The HINDU Notes – 12th May 2022

 


📰 Supreme Court puts colonial sedition law on hold

Court suspends pending criminal trials under Section 124A, allows Centre to reconsider the law

•The Supreme Court on Wednesday suspended pending criminal trials and court proceedings under Section 124A (sedition) of the Indian Penal Code while allowing the Union of India to reconsider the British-era law.

•"All pending trials, appeals and proceedings with respect to the charge framed under Section 124A of the IPC be kept in abeyance," a three-judge Bench led by Chief Justice of India N.V. Ramana ordered. It was argued in court that about 13,000 people were already in jail under the sedition provision.

•However, adjudication with respect to other Sections of law, if any, would proceed if the court concerned was "of the opinion that no prejudice would be caused to the accused".

•The court also made it clear that it "hopes and expects" the Centre and States to restrain from registering FIRs, continuing investigations or take coercive measures under Section 124A while the "reconsideration" of the colonial provision was on.

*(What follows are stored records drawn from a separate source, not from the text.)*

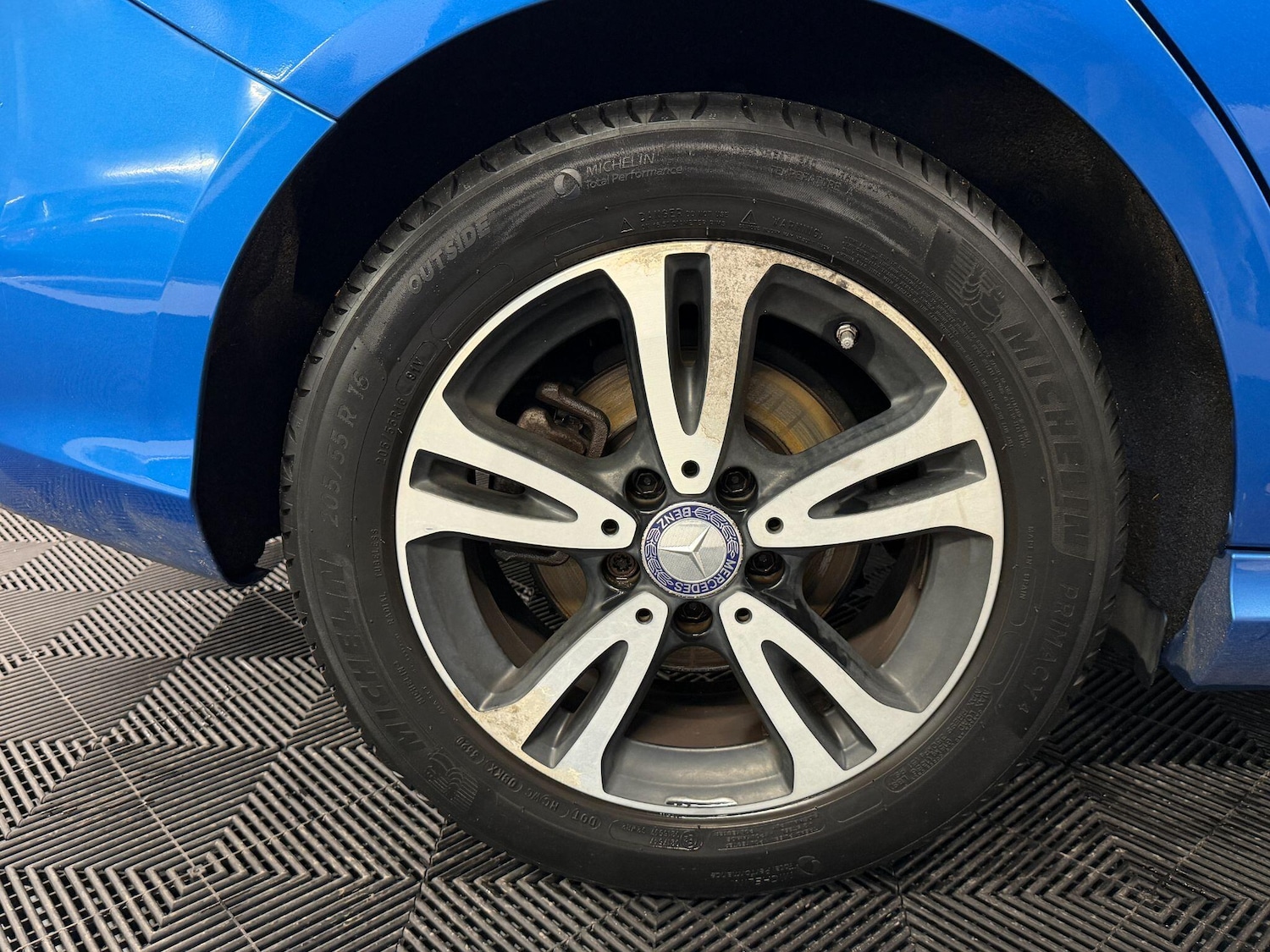 Used Mercedes-Benz B Class 2016 for sale - 77625975: Photo 54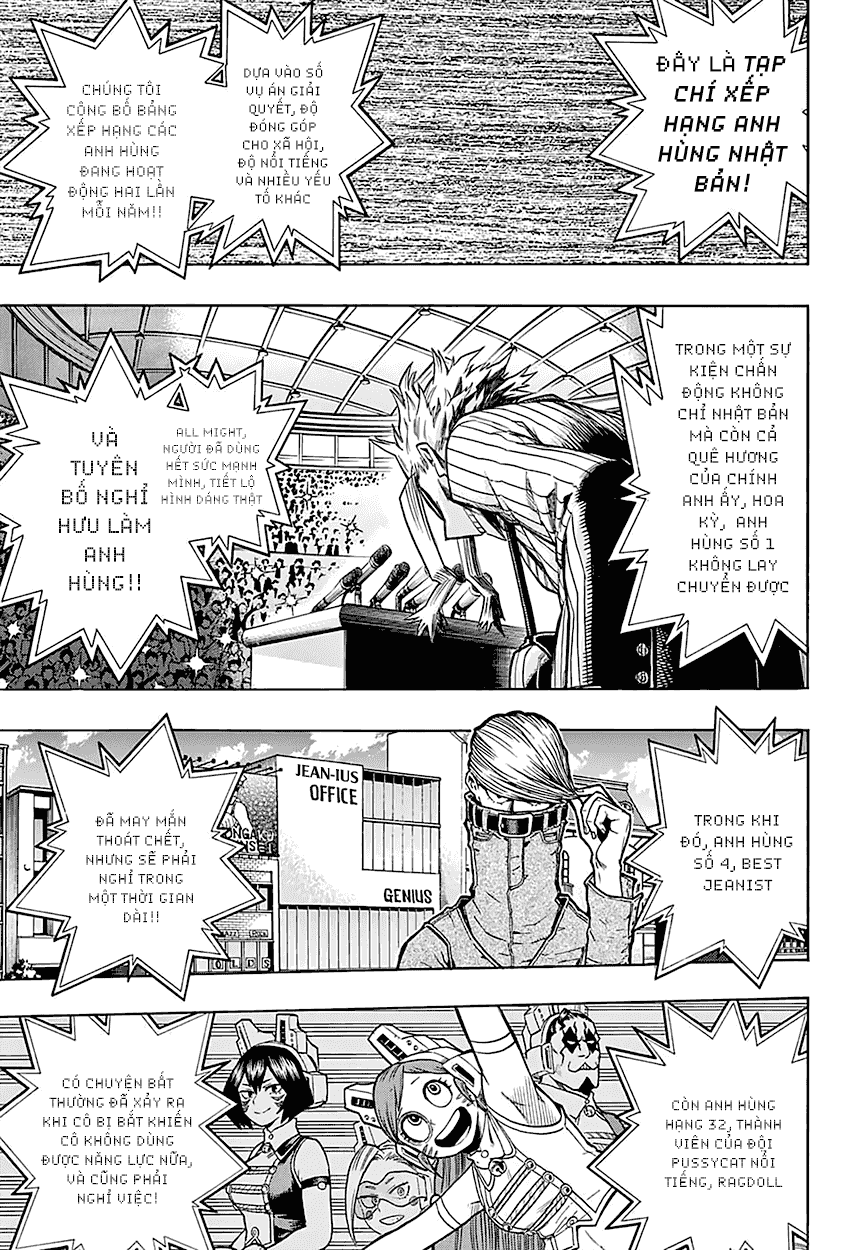 đọc truyện Học Viện Anh Hùng Chương 96 ảnh 4 tại Thiên Thai Truyện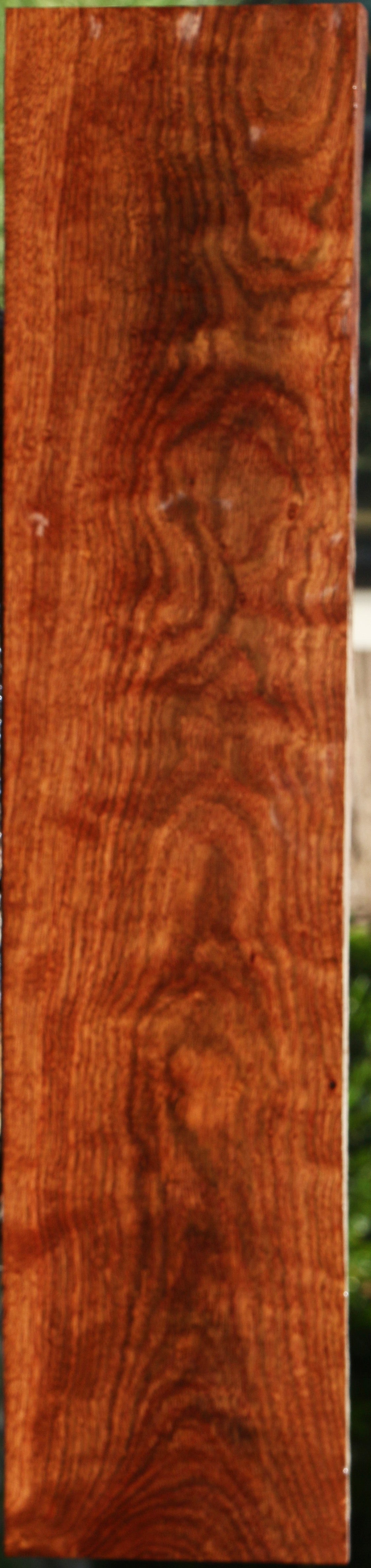 Figured Chechen Lumber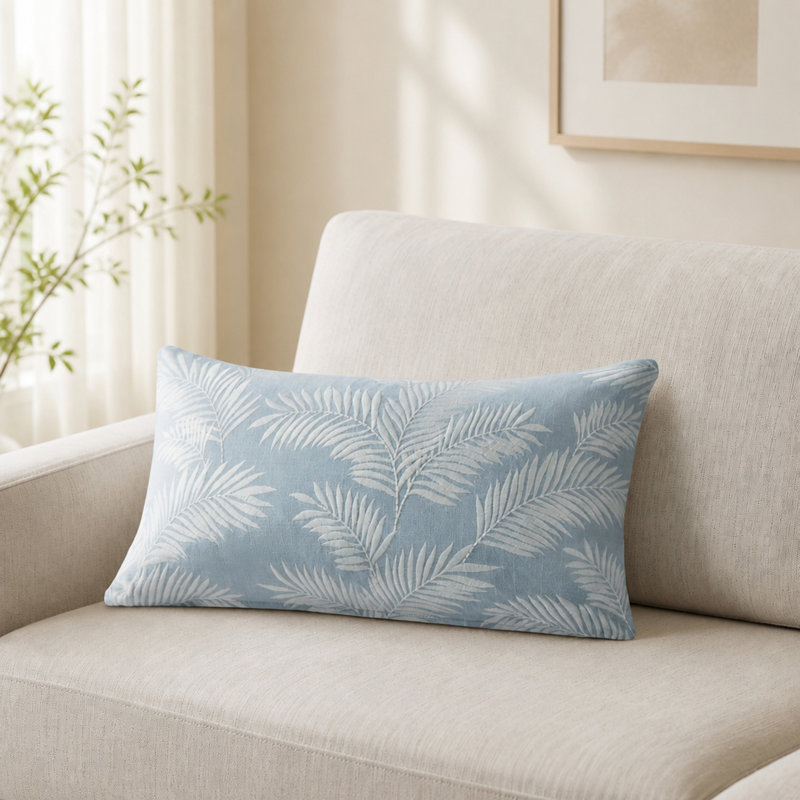Soft Cotton Pillow Cover, Single Pack
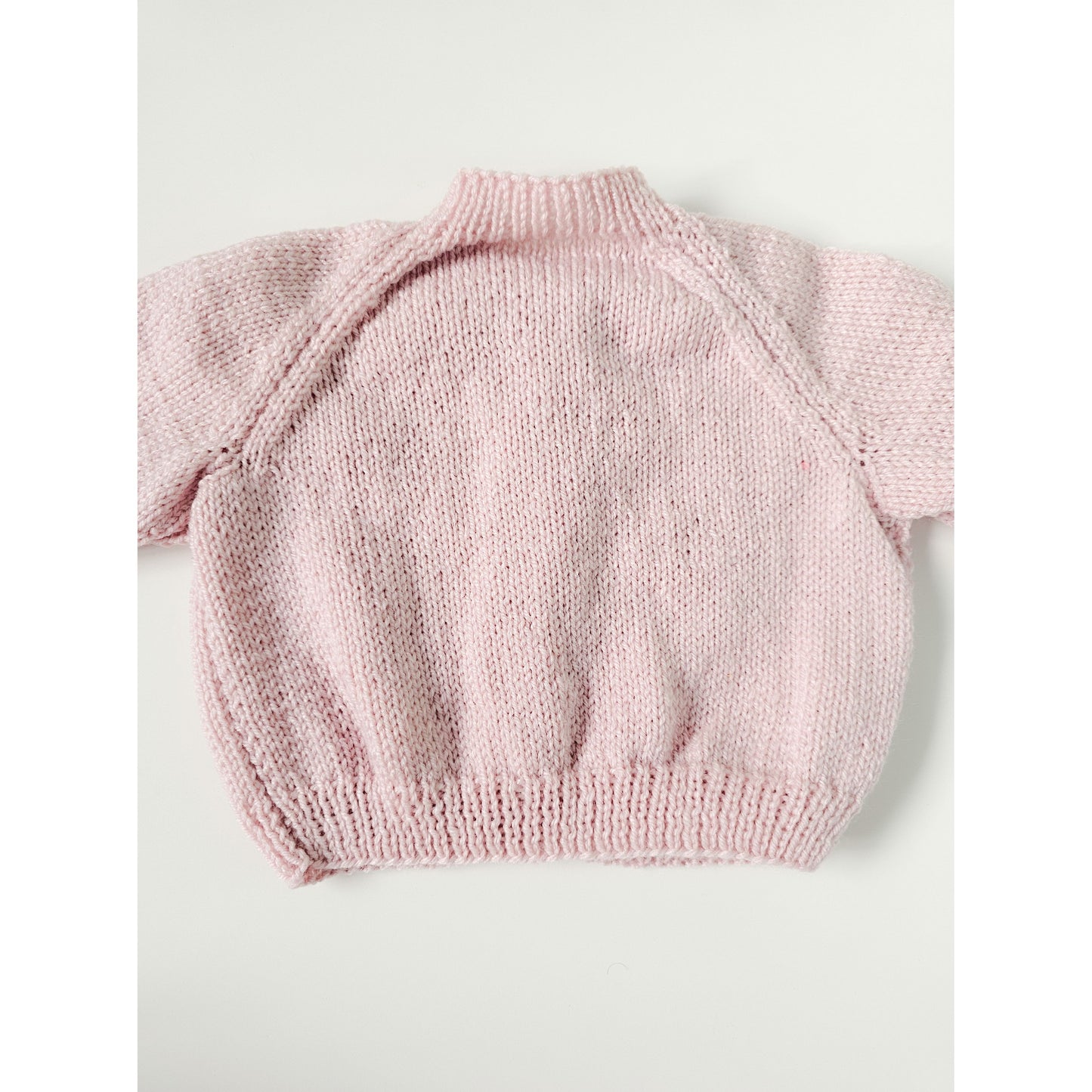 Wild Orchid Cardigan (6-12 months)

•Adding a fail-safe to protect civil liberties against any future misuse of Section 124A while it was under the Union's microscope, the court ordered that the persons accused in fresh cases were free to approach courts, which would consider their cases taking into account the order of the Supreme Court and the "clear" stand of the Union that the provision was abused and needed "re-examination".

•The court, meanwhile, gave the Union of India liberty to issue a directive to States and authorities to prevent the continued misuse of the sedition law.

•The Bench, also comprising Justices Surya Kant and Hima Kohli, said the court's directions would hold until further orders.

Powerful message

•The apex court order would act as a powerful message against the rampant misuse of the sedition law by governments to silence dissent and violate personal liberty. Undertrials booked under Section 124A can now use the order to seek bail.

•The court listed the sedition case for the third week of July.

•The order came after the Centre, represented by Solicitor General Tushar Mehta, acknowledged that the law was not in tune with the current times. The government had urged the court to pause its hearing of a batch of petitions challenging Section 124A until the government completed its "reconsideration process" of the sedition provision."

•It is clear that the Union of India agrees with the prima facie opinion expressed by this court that the rigours of Section 124A of the IPC is not in tune with the current social milieu, and was intended for a time when this country was under the colonial regime. In light of the same, the Union of India may reconsider the provision of law," the Supreme Court observed in its 10-page order.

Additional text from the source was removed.